#### [Task prompt]
Your task is to copy the listing exactly. Drop any pictures from the copy.

#### [Data excerpts]
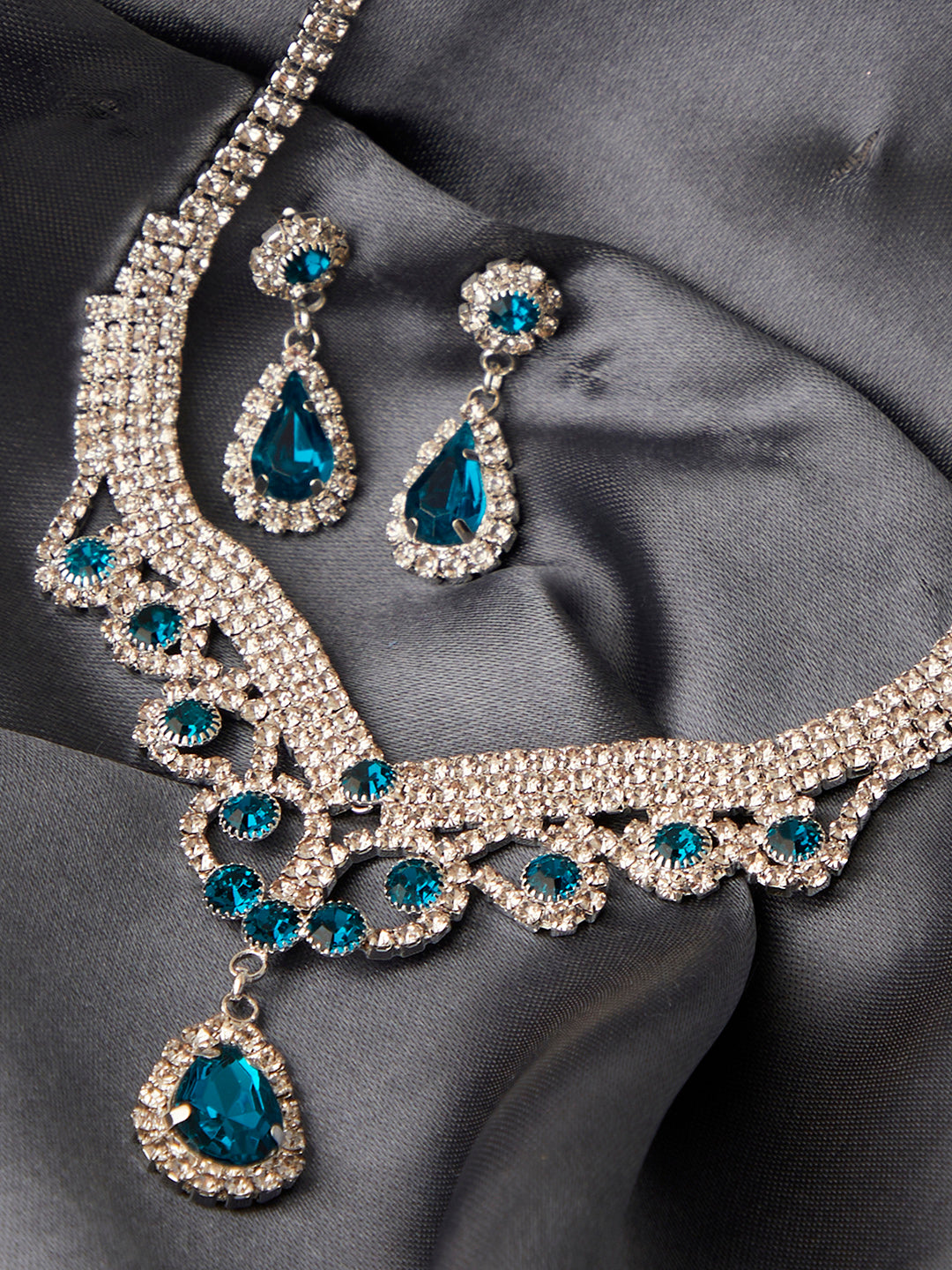 Silver Plated Designer Stone Necklace and Earring Set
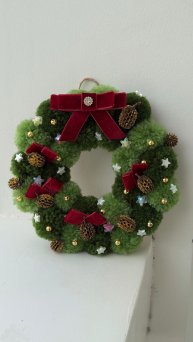 мастер-класс по изготовлению венка из пушистой пряжи🌲🌲🌲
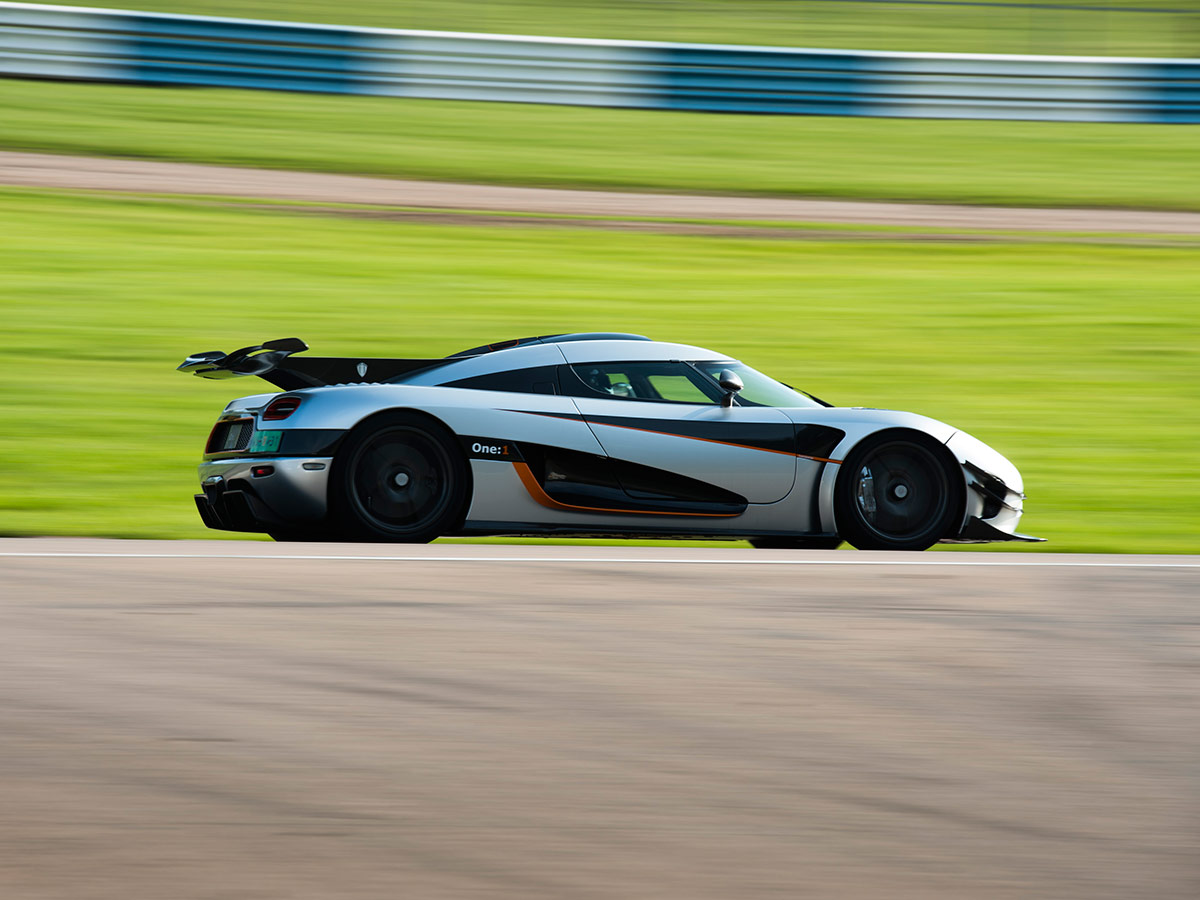 121615_koenigseggone1_art_1.jpg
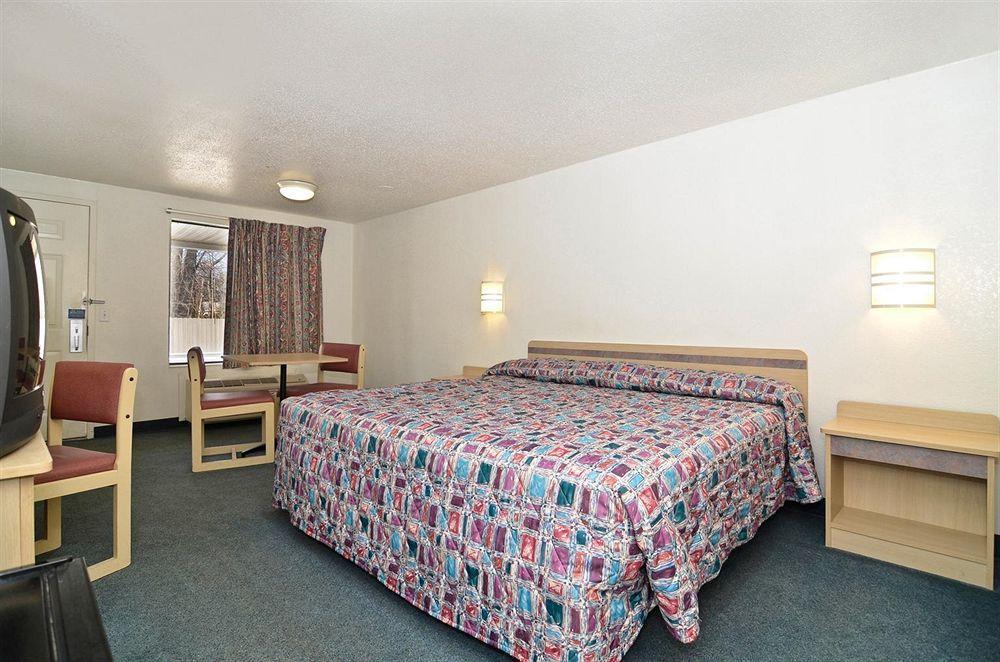 Mentor Home Inn And Suites Chambre photo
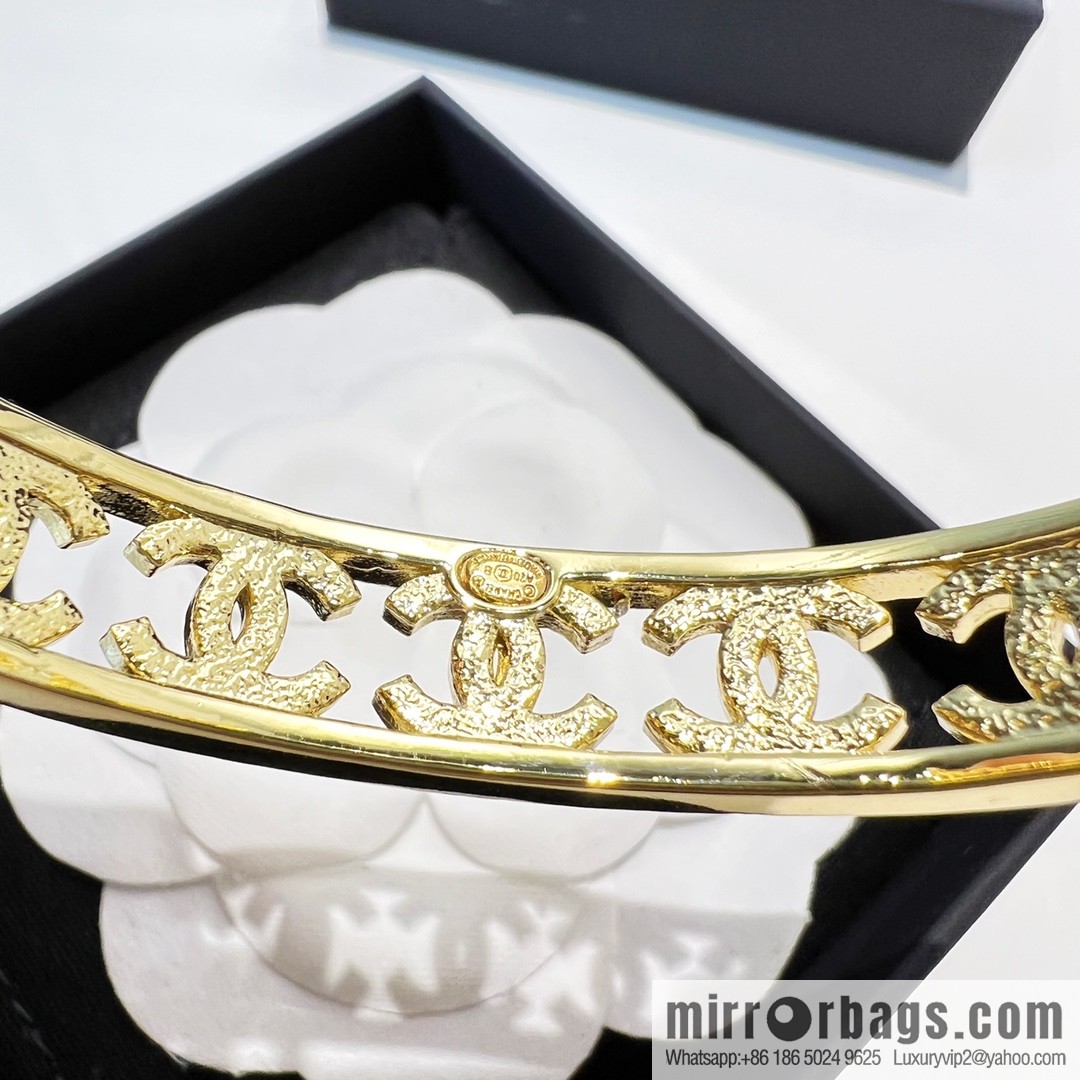 New ☑️ CHANEL Chanel Double C Open Bracelet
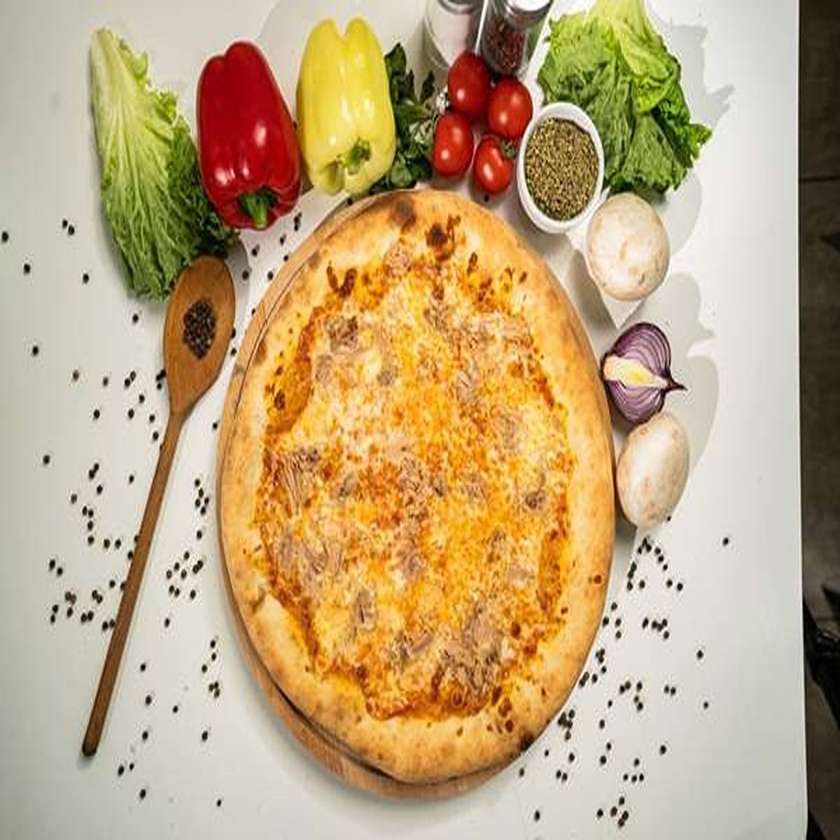 Tuna Pizza Ø 26cm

#### [Answer box]
 Silver Plated Designer Stone Necklace and Earring Set
 мастер-класс по изготовлению венка из пушистой пряжи🌲🌲🌲
 121615_koenigseggone1_art_1.jpg
 Mentor Home Inn And Suites Chambre photo
 New ☑️ CHANEL Chanel Double C Open Bracelet
 Tuna Pizza Ø 26cm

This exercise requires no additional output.